At heart, loyalty to Revan is pointed out explicitly to have hurt him and be sufficient to bind him to the cause, but really I would argue the break is facing the death of his culture. Not defeat, he faced this fairly well. But the utter loss of culture, of there being none of the ideals standing the test of time. The ultimate defeat, not of him but his ways, absolutely everything that raised and made him being lost so utterly creates a vacuum in his mind and a mental anxiety. In a way, it is similar to those who faced breaking by the Mandalorian wars the culture started, though ironically until the Empire no Jedi or Republican ever faced the erasure of their way of life. It is likely more haunting, though it is taken with admirable stoic defiance and resolve due to the fixation of conflict justifying a dead culture being worthy of its death.

Proving is everything, and Mandalore like his people, his name and his leadership is personified (by choice) by an aging, resolute, stubborn figure. No matter the ridicule, mockery or dismissal, every day is a victory. Every runt, ganger, beast destroyed or sparring match in his outpost is a combination of contest, peril, and celebration. Forcing the ideal of preservation, unknowingly -or more likely idealistically- Mandalore is instilling his non-Mandalorian, but personal qualities into his culture.

This seems personally a little obvious pairing the Mandalorians of KOTOR I who are often raiders and thieves to the point of offending Canderous (who at the time freely admits to murdering innocents) with the in-hindsight relatively peaceful Dxun settlement The Exile finds. In a mad galaxy, those closest to extermination but the most stubborn if anything seem less desperate, a good foil for the well-meaning but impotent Ithorians, demonstrating the game’s theme that for good or ill, power and strength ensure change and the good often fail to offer compensation or even survive without someone giving them strength -and thus taking it from them- or teaching them to find it themselves.

Mandalore benefits like many other companions from being a new face -a completely armoured one this time- that may be welcome to the player with the benefit of their knowledge; but to the player character a complete mystery.

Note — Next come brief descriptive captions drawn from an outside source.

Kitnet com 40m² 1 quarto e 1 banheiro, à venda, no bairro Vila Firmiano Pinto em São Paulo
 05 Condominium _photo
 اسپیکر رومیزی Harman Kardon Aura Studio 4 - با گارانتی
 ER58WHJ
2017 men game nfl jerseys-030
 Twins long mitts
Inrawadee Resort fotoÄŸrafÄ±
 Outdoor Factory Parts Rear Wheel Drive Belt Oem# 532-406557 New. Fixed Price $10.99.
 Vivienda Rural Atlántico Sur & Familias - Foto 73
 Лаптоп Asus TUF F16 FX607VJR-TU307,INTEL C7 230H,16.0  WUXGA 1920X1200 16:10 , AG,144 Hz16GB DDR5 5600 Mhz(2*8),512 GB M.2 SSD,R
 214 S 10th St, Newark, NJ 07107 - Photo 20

As with the first game while being a completely different biome the initial encounter is the same. In a ravaged area, thick with threats (random encounters) this man seems particularly self-possessed, speaking with a different air John Cygan delivers and not one like any other voice actor in Star Wars I can think of. An oft overlooked part of Star Wars that led to its popularity and unique quality is the lived in and crime riddled areas. Mandalore possesses the armour and the appearance identifiable in the Stormtroopers before ‘Mandalorian’ was even a concept. Chronologically however, the man once called Canderous Ordo is really on a visual level the primogenitor for all those T-visor designs and cold, cool professionalism.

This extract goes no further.